Stephanie McMahon and Nick Khan have been named top sports media leaders by Business Insider.
The two names became co-CEOs of WWE after Vince McMahon announced his retirement on July 22, following ‘hush pact’ allegations.
In addition to their CEO roles, Stephanie McMahon acts as Chairwoman, and Nick Khan acts as the President of the company.
Business Insider has shared a list of 24 executives shaping sports media, with Stephanie and Nick mentioned on the list.
Referencing Vince McMahon’s departure, the article noted the following about the WWE co-CEOs:
It’s been quite a rollercoaster for Stephanie McMahon, who took a break from her role leading WWE brand relationships right in the middle of this year’s upfronts week. A few short weeks later, she emerged in the center of the ring.
McMahon won her promotion to co-CEO after her father, Vince McMahon, stepped down in the wake of a WSJ report that he had paid women hush money to suppress alleged affairs. Famed for creating compelling storylines around wrestlers like Roman Reigns, WWE saw its own strange succession narrative play out similarly in the business pages.
McMahon and co-CEO Nick Khan, the former co-head of TV at CAA, are set to build on WWE’s past successes by extending the wrestling franchise in fresh directions. Khan tripled WWE’s rights fees with TV partners that include Fox, USA, and Peacock. Coming up soon are a fresh set of media-rights renewals and potential new digital partners.
Rumors of a sale, however, are never far from the headlines.
“Whether on broadcast or streaming, cable, or social, WWE programming is achieving market-leading viewership,” McMahon, WWE chairwoman and co-CEO, said on the company’s earnings call in August. “Our diversified distribution approach is capturing fans at multiple touch points.”

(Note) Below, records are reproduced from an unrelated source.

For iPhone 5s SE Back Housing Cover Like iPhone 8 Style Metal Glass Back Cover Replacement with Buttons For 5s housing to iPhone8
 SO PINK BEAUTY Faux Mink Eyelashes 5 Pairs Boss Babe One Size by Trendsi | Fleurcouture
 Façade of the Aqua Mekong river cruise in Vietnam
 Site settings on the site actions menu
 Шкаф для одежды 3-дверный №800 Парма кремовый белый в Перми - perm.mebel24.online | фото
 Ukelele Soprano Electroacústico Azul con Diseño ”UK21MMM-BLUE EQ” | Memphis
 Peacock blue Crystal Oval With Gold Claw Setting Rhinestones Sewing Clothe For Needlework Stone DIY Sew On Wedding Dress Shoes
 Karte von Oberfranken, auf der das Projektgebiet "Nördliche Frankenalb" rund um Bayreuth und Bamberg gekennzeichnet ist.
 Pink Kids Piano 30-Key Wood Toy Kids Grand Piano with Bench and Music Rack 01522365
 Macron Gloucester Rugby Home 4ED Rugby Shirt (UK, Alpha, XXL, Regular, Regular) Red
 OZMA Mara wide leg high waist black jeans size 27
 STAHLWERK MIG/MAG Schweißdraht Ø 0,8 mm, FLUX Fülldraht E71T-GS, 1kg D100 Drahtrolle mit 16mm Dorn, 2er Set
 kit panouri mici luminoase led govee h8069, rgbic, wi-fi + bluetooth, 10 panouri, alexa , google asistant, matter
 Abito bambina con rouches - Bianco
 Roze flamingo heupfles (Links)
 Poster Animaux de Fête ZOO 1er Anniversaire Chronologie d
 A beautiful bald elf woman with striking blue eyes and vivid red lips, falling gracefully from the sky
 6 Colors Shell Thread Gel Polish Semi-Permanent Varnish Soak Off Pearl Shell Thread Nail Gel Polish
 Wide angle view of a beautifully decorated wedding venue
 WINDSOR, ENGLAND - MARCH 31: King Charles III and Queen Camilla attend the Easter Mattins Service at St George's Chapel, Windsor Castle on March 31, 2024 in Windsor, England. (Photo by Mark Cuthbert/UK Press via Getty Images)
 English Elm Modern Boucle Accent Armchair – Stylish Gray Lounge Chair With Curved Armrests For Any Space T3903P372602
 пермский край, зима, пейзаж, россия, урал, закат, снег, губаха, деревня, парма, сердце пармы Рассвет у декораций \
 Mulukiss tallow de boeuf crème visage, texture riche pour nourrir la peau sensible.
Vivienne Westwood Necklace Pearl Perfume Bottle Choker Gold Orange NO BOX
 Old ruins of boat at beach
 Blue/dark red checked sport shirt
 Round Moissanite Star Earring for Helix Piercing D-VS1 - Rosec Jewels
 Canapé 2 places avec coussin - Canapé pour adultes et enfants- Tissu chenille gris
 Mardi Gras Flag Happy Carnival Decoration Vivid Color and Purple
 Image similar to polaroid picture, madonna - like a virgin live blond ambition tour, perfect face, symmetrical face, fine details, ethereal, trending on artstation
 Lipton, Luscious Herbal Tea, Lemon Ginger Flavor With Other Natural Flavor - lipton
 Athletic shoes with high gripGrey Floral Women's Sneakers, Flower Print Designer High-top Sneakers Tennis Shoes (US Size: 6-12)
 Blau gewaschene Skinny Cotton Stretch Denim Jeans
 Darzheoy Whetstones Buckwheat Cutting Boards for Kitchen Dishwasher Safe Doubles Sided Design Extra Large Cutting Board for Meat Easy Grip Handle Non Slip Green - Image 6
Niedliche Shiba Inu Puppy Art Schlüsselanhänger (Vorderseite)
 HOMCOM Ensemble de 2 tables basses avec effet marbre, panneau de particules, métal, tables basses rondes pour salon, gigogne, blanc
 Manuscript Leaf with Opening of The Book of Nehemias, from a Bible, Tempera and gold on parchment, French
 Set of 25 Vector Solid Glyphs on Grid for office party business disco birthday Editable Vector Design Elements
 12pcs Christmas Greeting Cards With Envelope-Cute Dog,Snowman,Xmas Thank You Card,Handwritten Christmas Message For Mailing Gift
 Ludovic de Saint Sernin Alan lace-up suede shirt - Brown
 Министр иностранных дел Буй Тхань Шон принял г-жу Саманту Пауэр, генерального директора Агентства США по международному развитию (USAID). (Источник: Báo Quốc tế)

Khan also said on the call: “As the streaming landscape matures and sports becomes a core offering on all these services, we believe our product’s three-pronged ability to draw in viewers, retain viewers year-round, and amass large audiences that sponsors love week-to-week, puts WWE in a small group of premium properties for any media company.”
The public company turned in a good first half of 2022, and some analysts are bullish on the stock. Steven Cahall at Wells Fargo said in an August investor note that engagement on Peacock is growing and other premium events are delivering record viewership, while “Raw” viewership was flat and “SmackDown” did well versus the broader TV ecosystem.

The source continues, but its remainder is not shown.